I am with you on magnetic scales though. I have been trying to source magnetic scales for weeks. Even direct from China the read heads a really expensive. I bet in a year or two, they are dirt cheap. You can get an entire 2axis glass scale system direct from China for under $200.00, the Easons are closer to $400.00 DroPros wants $499.00)

The glass scales should hold up just fine provided you get the covers on properly. There are some really nasty old machines in some really dirty old shops with glass scales that are decades old. For me the issue is whether you are will to give up about an inch of tail stock travel. The PM1340gt has a well designed tail stock that over hangs the cross slide a great deal. I doubt you would ever miss the travel.

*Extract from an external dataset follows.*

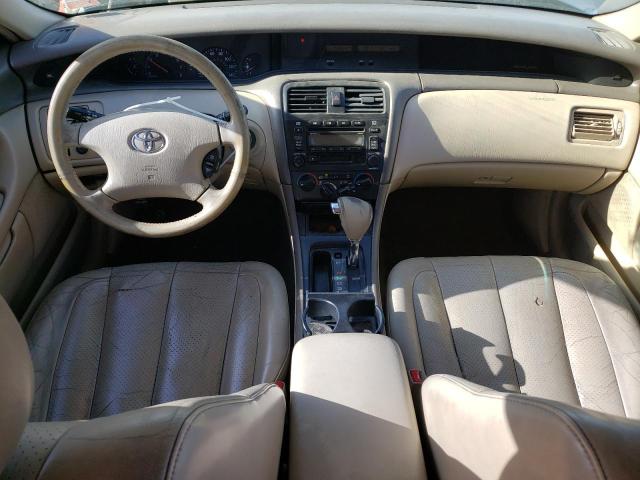 Photo 8 from auction – 2004 TOYOTA AVALON XL with VIN 4T1BF28B94U355574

I still have my DRO from my old PM25mv mill. It can be changed to lathe function in the set up menu, not sure what that really does though. I only need linear measurement and maybe tool offset, it's not like I will drilling hole patterns or anything that makes DRO's so valuable on the mill. I am not even convinced it is worth the trouble of putting one on my PM1340GT. I just got done cleaning it up, the controls are so fine that I was able to zero a 1/10ths indicator on the chuck face using the carriage wheel. Matt just sent me an email asking if I still had the DRO, the guy that has my old mill is interested in buying it.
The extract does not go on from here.